*** MATERIAL PROVIDED ***
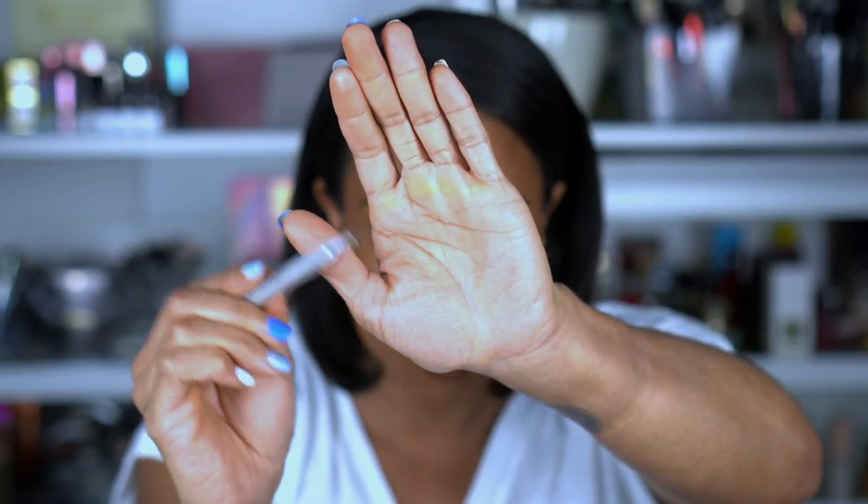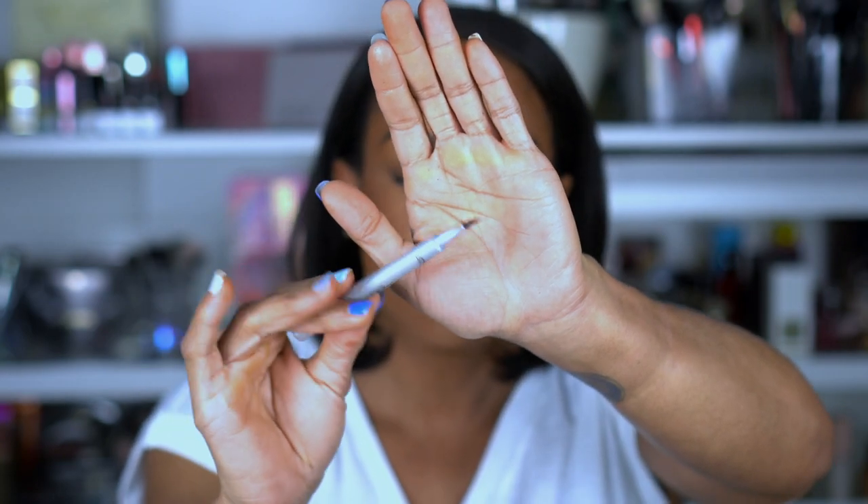Another brow product I forgot to mention — it was sitting in my brush cup. This is the L'Oreal Micro Ink Pen, which has three prongs at the end that create more of a micro-bladed hair stroke effect. I absolutely love this one. You do have to be careful and use a light hand with it as well.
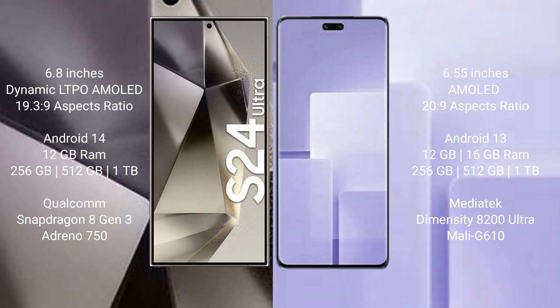Samsung Galaxy S24 Ultra comes with 12GB RAM and 256GB, 512GB, or 1TB internal storage, with a Qualcomm Snapdragon 8 Gen 3 processor and GPU. Xiaomi CV3 comes with 12GB or 16GB RAM and 256GB, 512GB, or 1TB internal storage, with a Dimensity 8200 Ultra processor and Mali-G610 GPU.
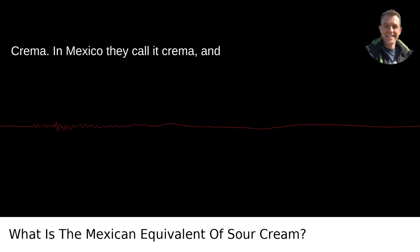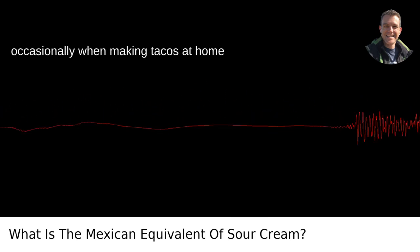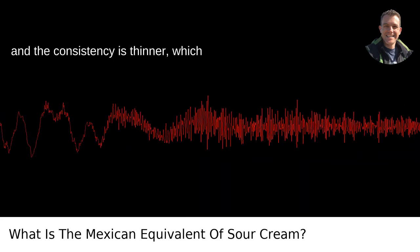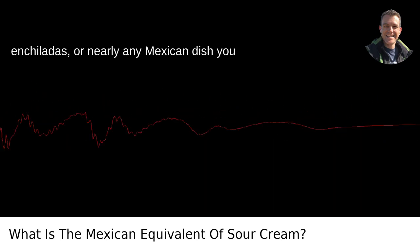Crema. In Mexico, they call it crema, and it's a bit different than the sour cream you'd find in the U.S. I indulge in it occasionally when making tacos at home here in Portland. The flavor is tangier and the consistency is thinner, which makes it perfect for drizzling over tacos, enchiladas, or nearly any Mexican dish you can think of.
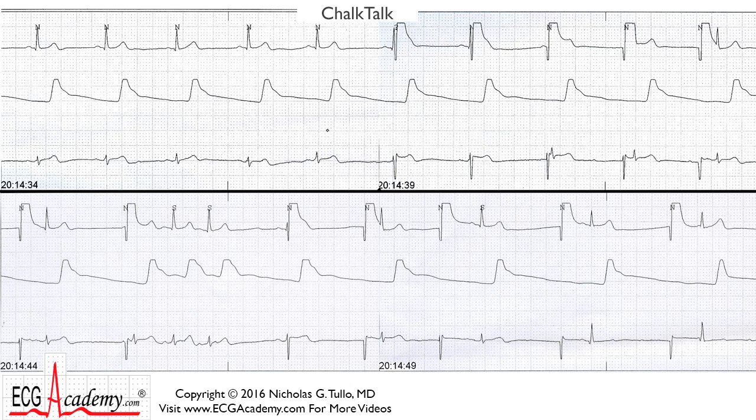Hi, it's Dr. Nick with the ECG Academy, and this week's Chalk Talk is a rhythm strip that came from the intensive care unit at my hospital. This is a 38-year-old gentleman who is burnt pretty badly, and he has no underlying heart disease. His baseline ECG is a normal sinus rhythm with a rate of about 90 with no significant underlying abnormalities. His echocardiogram was found to be normal.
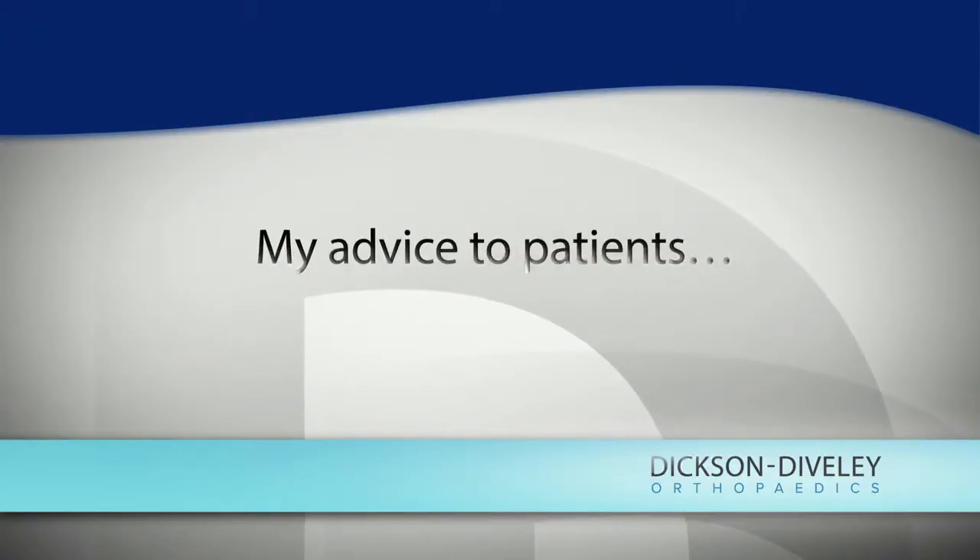Another major advantage of Achilles tendon repair is a lower incidence of it tearing again. There is a significantly higher risk of a repeat Achilles tendon injury if you treat it without surgery. It's not dramatically higher, but it's enough that for someone who's active and trying to get back to activities, surgery gives them a better chance of not injuring it again.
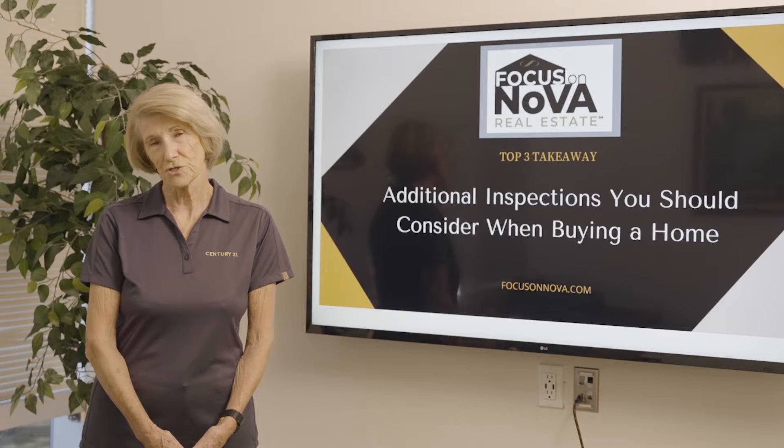Beyond the normal inspections, you may want to do an asbestos inspection, especially if the home inspector had pointed out that there was a possibility of there being asbestos tile on the floor in the basement.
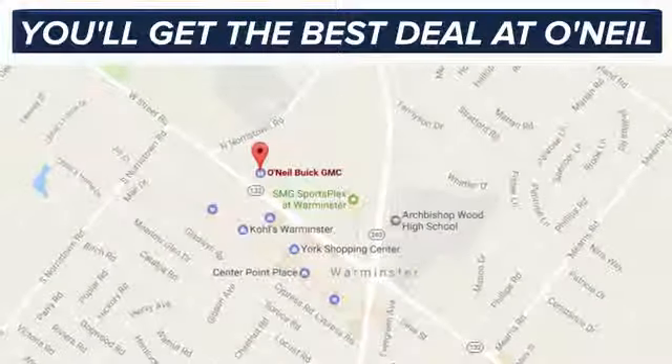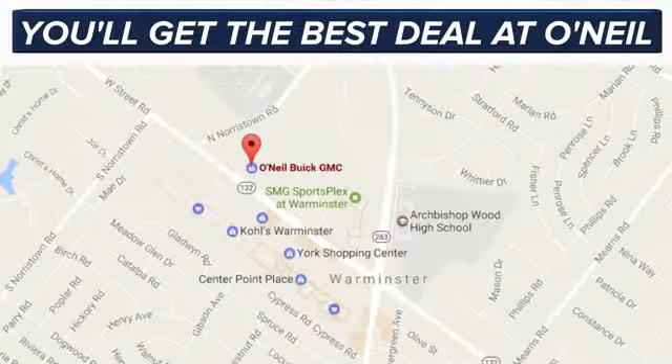You'll get the best deal at O'Neill. We're conveniently located at 869 West Street Road in Warminster, PA, just minutes off the Pennsylvania Turnpike.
*** End of MATERIAL PROVIDED ***
-- PROBLEM STATEMENT --
The answer must be the lines above from the one containing "Samsung Galaxy S24" through the one containing "Crema. In Mexico, they", reproduced exactly, with no pictures and nothing else.

-- ANSWER TO THE PROBLEM --
Samsung Galaxy S24 Ultra comes with 12GB RAM and 256GB, 512GB, or 1TB internal storage, with a Qualcomm Snapdragon 8 Gen 3 processor and GPU. Xiaomi CV3 comes with 12GB or 16GB RAM and 256GB, 512GB, or 1TB internal storage, with a Dimensity 8200 Ultra processor and Mali-G610 GPU.
Crema. In Mexico, they call it crema, and it's a bit different than the sour cream you'd find in the U.S. I indulge in it occasionally when making tacos at home here in Portland. The flavor is tangier and the consistency is thinner, which makes it perfect for drizzling over tacos, enchiladas, or nearly any Mexican dish you can think of.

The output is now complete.